0

"The overall hit rate of 33.2 percent is unlikely with odds against chance beyond a million billion to one"

"The Conscious Universe" by Dean Radin

I'm trying to find out the meaning step by step:

  • "Odds against chance of 1000 to 1" describes the high reliability of some event.
  • "million billion" is just a very big number
  • "unlikely ... beyond" - likely above

Having combined all three I conclude that the quote sentence above says that the reliability of the 33.2% hit rate was even better than "with odds against change of million billion to one"

Did I guess correctly?

3
  • No, it's stating that the 33.2% overall hit rate is unlikely due to the odds against chance being greater than a quadrillion to 1.
    – Joe Dark
    Commented Dec 26, 2016 at 12:37
  • Does he allude to some other (higher ) hit rate? Commented Dec 26, 2016 at 14:26
  • There should be a comma after unlikely. There are really two statements here: (1) It is unlikely. (2) The odds against it are....
    – Drew
    Commented Dec 26, 2016 at 17:00

1 Answer 1

1

Not quite and I find introducing the word "reliability" confusing.

It is saying that a hit rate of 33.2% was observed or happened (actually 122 hits from 354 sessions).

This hit rate is so high that he is saying that it didn't happen by chance - i.e. it is a statistically significant, meaningful effect.

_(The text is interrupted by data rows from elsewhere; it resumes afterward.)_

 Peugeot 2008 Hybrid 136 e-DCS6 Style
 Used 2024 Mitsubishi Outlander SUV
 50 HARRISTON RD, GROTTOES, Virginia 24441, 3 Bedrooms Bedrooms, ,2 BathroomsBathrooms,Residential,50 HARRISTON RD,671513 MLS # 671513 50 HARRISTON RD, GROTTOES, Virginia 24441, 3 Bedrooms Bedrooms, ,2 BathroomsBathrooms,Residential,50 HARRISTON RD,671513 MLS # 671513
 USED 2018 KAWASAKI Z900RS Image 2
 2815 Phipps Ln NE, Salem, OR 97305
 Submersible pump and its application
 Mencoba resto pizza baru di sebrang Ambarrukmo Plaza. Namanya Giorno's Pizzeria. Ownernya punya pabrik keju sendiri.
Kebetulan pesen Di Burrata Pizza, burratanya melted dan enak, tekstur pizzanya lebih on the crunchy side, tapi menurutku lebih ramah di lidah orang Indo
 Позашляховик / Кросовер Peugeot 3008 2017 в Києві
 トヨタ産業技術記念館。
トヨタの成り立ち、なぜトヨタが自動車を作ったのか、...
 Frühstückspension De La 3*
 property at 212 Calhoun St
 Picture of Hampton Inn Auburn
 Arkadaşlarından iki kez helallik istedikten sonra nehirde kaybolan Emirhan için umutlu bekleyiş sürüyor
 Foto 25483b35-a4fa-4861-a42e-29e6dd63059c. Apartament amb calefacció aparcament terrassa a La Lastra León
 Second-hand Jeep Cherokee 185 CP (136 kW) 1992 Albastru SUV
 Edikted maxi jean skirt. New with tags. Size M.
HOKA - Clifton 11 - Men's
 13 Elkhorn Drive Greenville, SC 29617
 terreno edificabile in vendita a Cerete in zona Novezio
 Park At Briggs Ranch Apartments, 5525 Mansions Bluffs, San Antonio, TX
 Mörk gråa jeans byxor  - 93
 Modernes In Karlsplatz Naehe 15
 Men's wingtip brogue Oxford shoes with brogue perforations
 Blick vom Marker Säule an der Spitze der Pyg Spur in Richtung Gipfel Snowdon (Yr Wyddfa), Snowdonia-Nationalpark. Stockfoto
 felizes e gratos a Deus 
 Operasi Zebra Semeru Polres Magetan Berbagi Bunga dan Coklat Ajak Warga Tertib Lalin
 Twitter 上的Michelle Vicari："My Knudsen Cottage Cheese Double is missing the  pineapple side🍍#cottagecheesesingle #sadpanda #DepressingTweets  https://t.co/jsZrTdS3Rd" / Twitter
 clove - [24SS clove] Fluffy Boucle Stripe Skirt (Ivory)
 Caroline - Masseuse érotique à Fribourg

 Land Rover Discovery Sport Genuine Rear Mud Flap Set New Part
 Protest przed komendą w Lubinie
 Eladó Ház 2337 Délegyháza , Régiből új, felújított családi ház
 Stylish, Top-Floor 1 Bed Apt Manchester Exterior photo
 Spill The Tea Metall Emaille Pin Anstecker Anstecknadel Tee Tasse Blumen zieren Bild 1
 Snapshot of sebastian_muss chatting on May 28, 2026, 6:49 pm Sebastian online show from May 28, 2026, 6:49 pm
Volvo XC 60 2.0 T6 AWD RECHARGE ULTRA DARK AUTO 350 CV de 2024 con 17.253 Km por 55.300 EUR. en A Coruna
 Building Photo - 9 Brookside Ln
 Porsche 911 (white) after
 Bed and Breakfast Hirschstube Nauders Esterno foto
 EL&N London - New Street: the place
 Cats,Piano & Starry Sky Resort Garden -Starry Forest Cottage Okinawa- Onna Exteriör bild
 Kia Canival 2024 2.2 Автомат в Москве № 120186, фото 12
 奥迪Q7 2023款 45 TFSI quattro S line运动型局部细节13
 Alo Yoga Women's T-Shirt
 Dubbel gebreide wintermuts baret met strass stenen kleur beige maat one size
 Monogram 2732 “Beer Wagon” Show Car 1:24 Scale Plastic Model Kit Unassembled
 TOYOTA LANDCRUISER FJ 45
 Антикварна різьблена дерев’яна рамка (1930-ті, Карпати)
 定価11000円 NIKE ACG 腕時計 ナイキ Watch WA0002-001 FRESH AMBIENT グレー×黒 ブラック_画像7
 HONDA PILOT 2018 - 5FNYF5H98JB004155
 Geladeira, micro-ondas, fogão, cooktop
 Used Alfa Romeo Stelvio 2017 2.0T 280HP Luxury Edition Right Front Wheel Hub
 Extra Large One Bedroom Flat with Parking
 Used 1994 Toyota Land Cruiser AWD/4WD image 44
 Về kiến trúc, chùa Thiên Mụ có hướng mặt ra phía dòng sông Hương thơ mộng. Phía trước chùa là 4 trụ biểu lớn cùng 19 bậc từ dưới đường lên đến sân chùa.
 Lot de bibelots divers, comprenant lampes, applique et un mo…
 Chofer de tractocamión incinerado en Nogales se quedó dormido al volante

By chance if there were no real effect, he would expect on average to have to run more than 1 million billion sets of 354 sessions before seeing as many as 122 hits from any one of them.

This is presumably hyperbole and all he is saying is that he believes the effect to be definitely real.

2
  • 1
    I don't care for the wording of the original quote either, in particular, the phrase odds against chance. I would have said something more akin to the probability of the 33.2% hit rate occurring by chance. In any event, you're right. Good answer. Commented Dec 26, 2016 at 15:10
  • I was focused on finding direct and formal meaning. I would have never guessed the possibility of hyperbole or sarcasm. Now I see that this is the only way to reconcile the two parts of the sentence. Commented Dec 26, 2016 at 21:35

You must log in to answer this question.

Not the answer you're looking for? Browse other questions tagged .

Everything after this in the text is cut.